» **WHAT THE TASK REQUIRES**:
From the line that holds "517 NE Hans Drive, Blue Springs, MO" to the last line below, retype everything exactly and nothing else; omit pictures.

════════

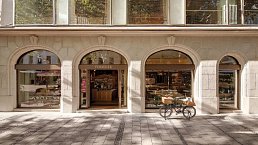 Hotel Excelsior by Geisel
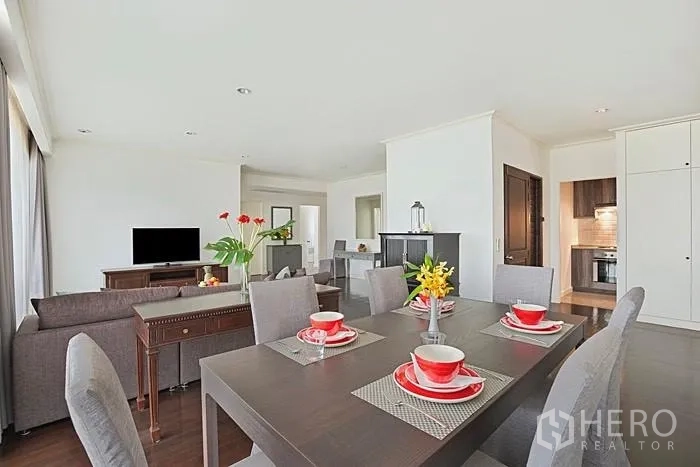 公寓 出租在Khlong San, Bangkok - 开放式客餐厅，转角沙发、电视与餐桌，后方可见厨房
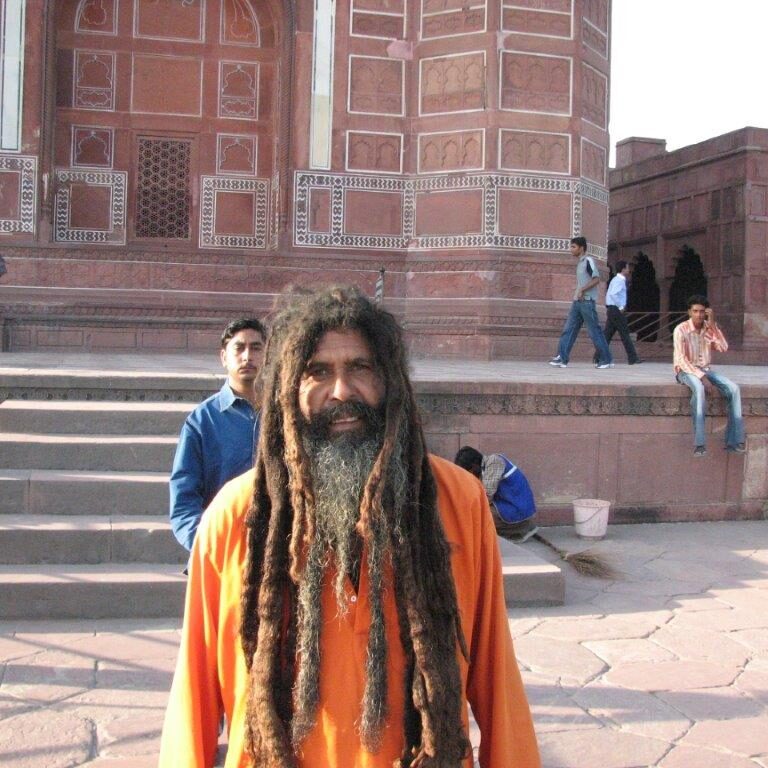 פאקיר זרוק על רקע הארמון המפואר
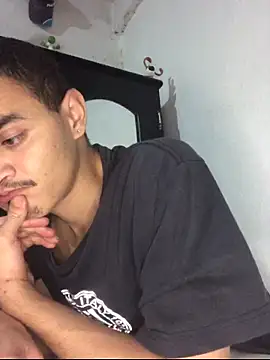 LUIGI_i's cam snapshot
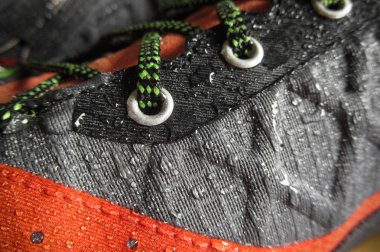 Dağ ayakkabıları için su geçirmez teknoloji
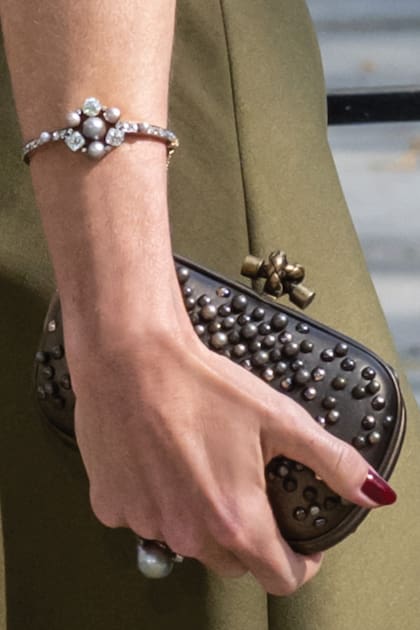 El clutch, con piedras y modelo Knot de Bottega Veneta, es parte de su colección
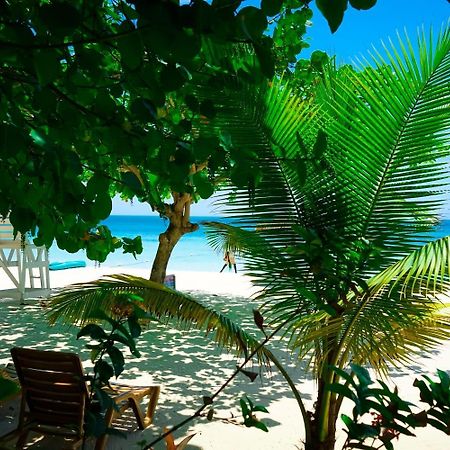 Ayurveda Resort Негрил Екстер'єр фото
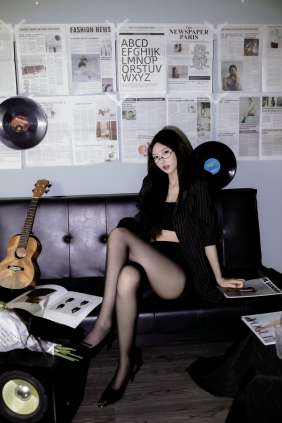 [YITUYU]艺图语 2025.09.18 职场御姐写真 盖盖 [35P-489MB]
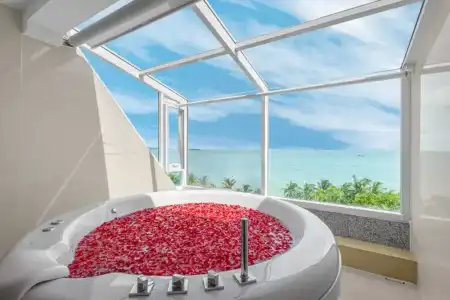 Royal Wing Suites & Spa Pattaya - 37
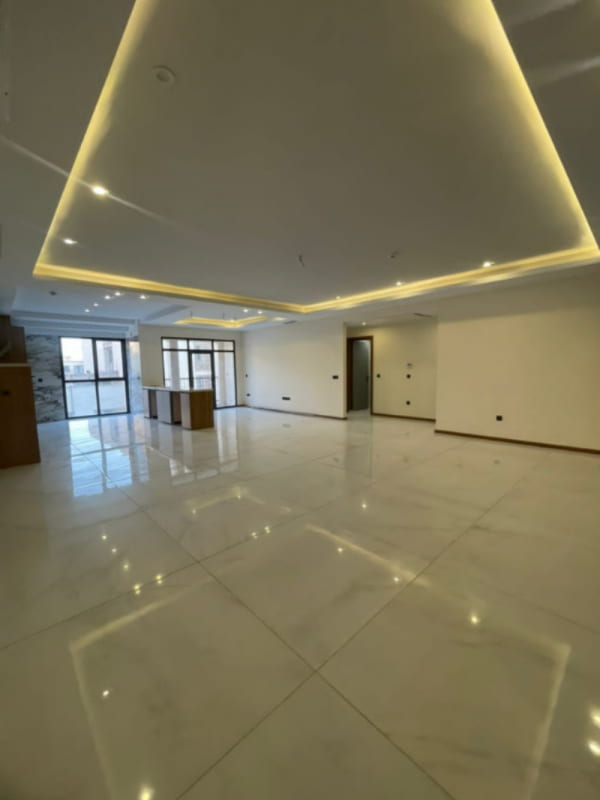 آپارتمان 160 متری سه خوابه در فردوس شرقی تهران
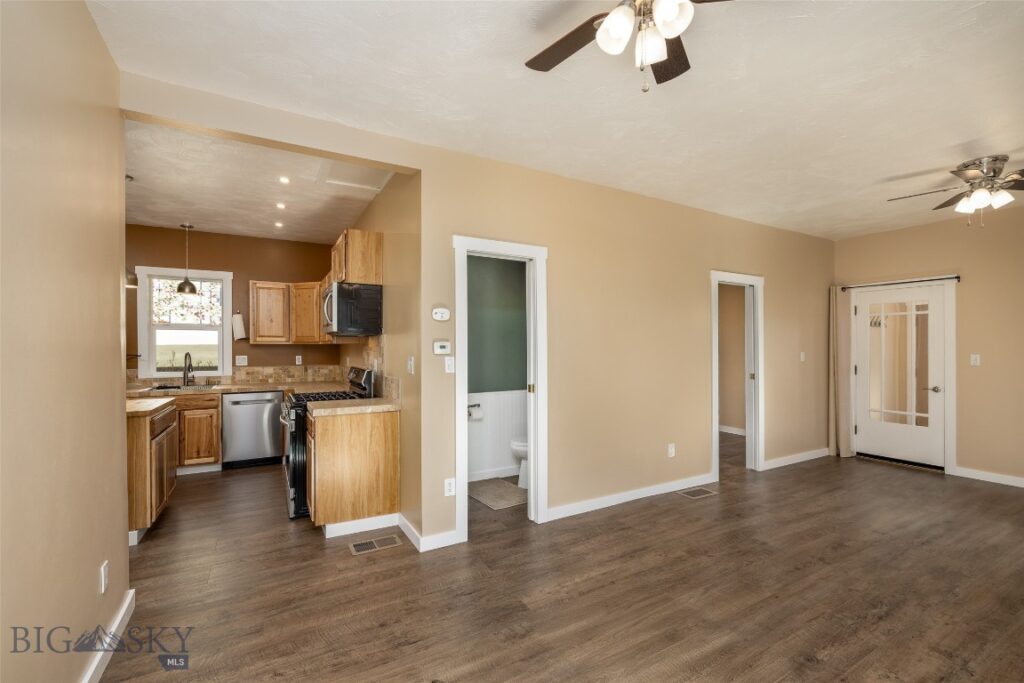 421 N C Street, Livingston MT 59047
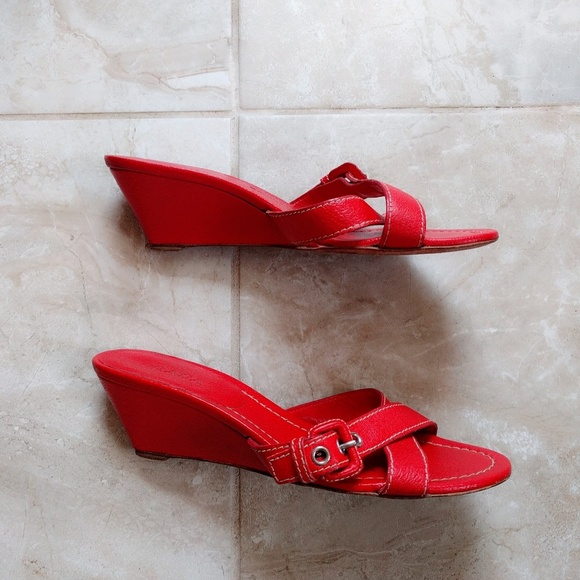 Prada Red Leather Buckle Wedge Slide Sandals v-day - Picture 3 of 5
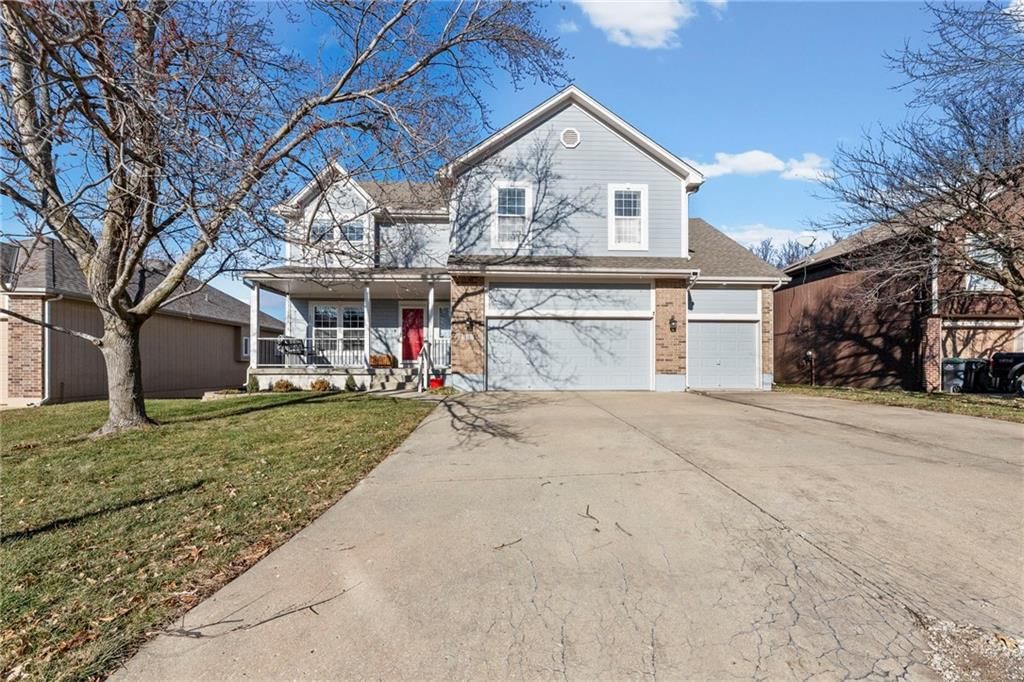 517 NE Hans Drive, Blue Springs, MO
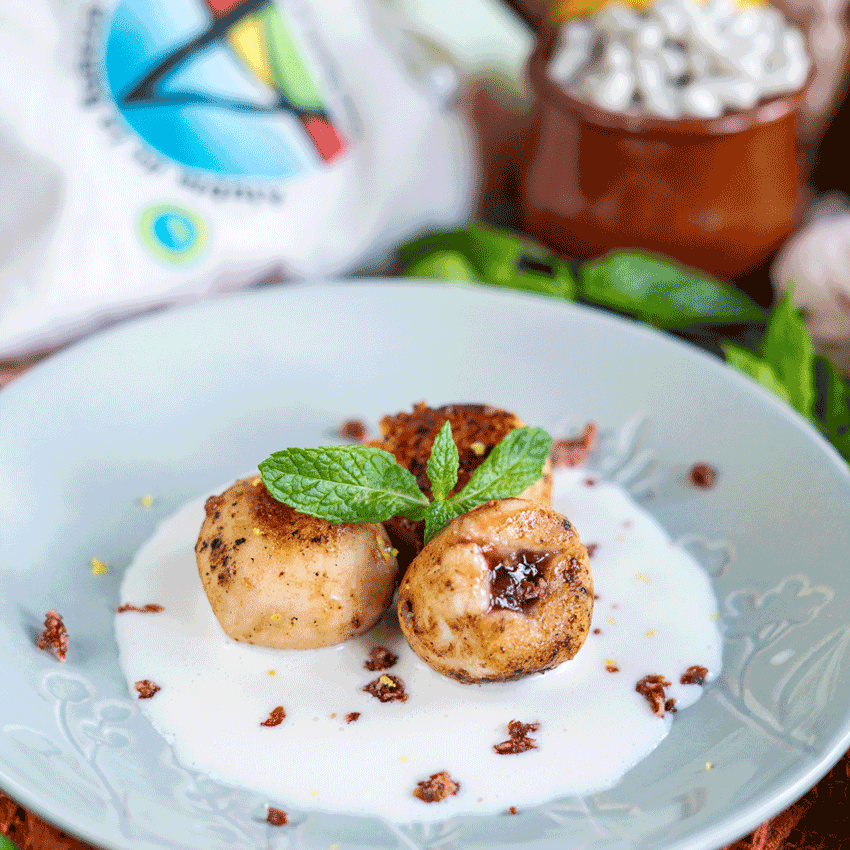mochis de alubias rellenos de fresas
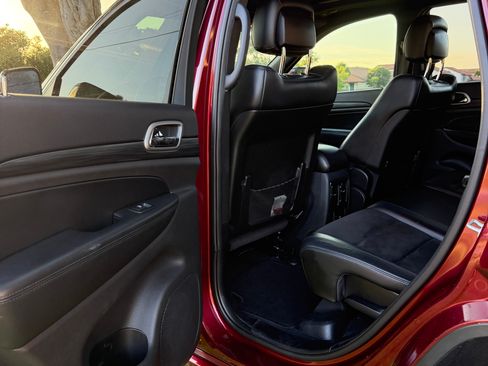 Used 2019 Jeep Grand Cherokee Altitude AWD/4WD image 12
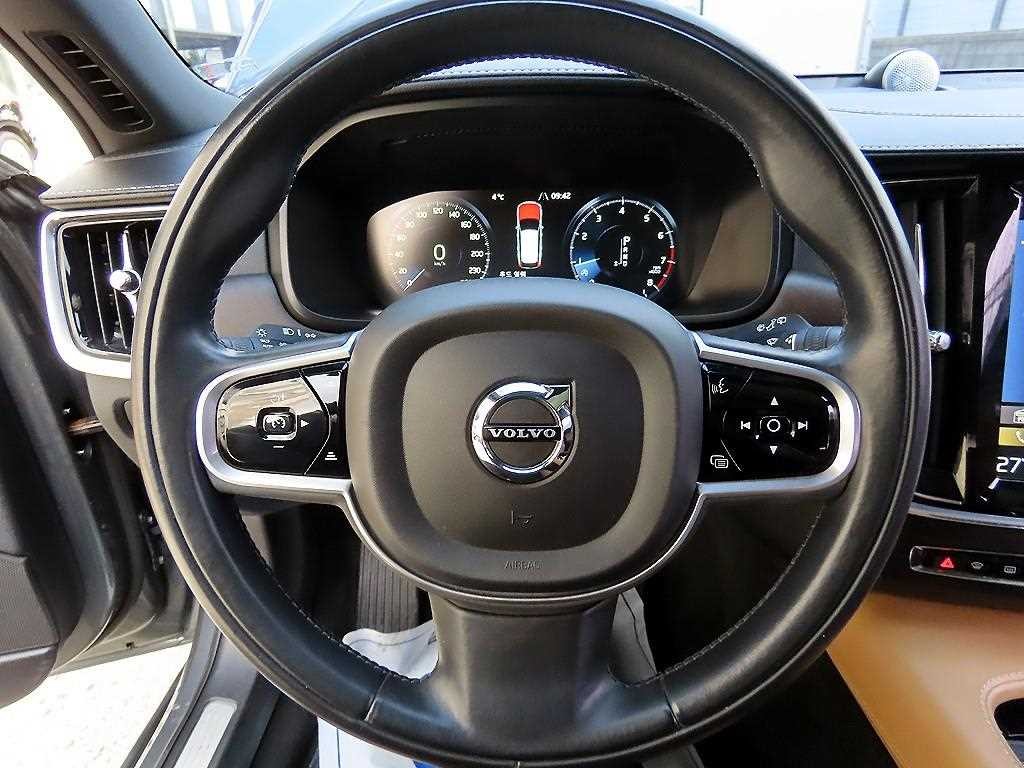 볼보 V90 V90 크로스컨트리 T5 프로 AWD 이미지 8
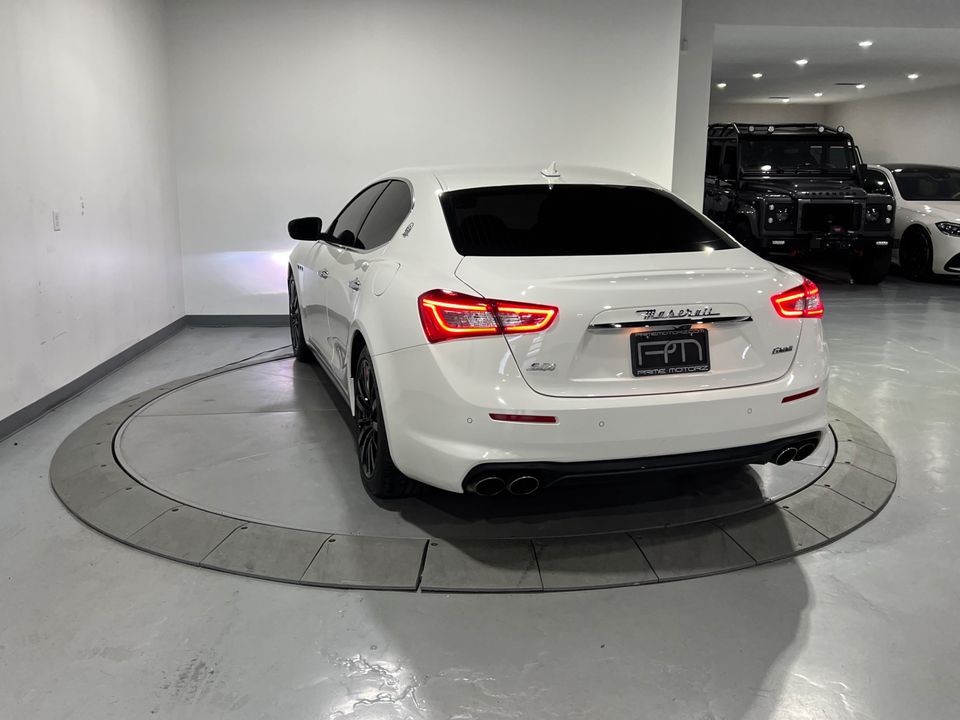 2018 Maserati Ghibli SQ4 AWD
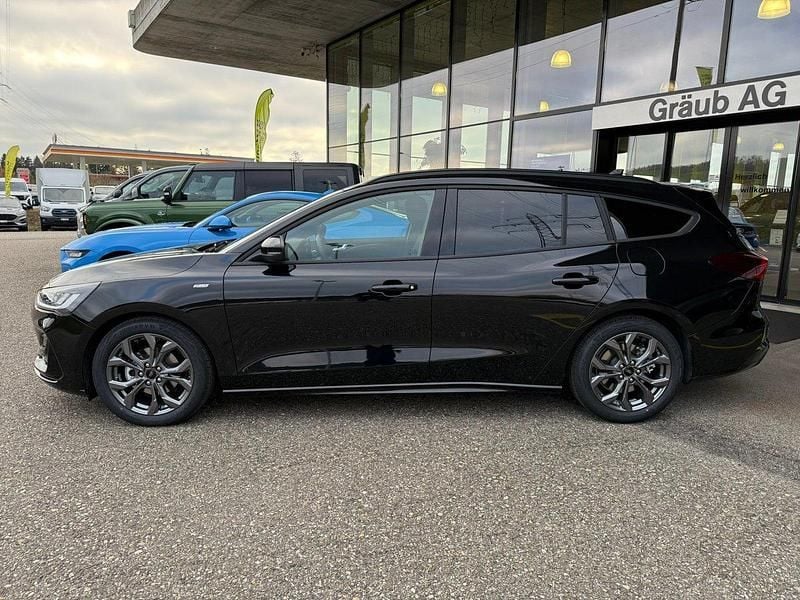 Neu Ford Focus ST-Line X 115 PS (84 kW) 2025 Schwarz Kombi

════════

» **YOUR RESPONSE**:
 517 NE Hans Drive, Blue Springs, MO
mochis de alubias rellenos de fresas
 Used 2019 Jeep Grand Cherokee Altitude AWD/4WD image 12
 볼보 V90 V90 크로스컨트리 T5 프로 AWD 이미지 8
 2018 Maserati Ghibli SQ4 AWD
 Neu Ford Focus ST-Line X 115 PS (84 kW) 2025 Schwarz Kombi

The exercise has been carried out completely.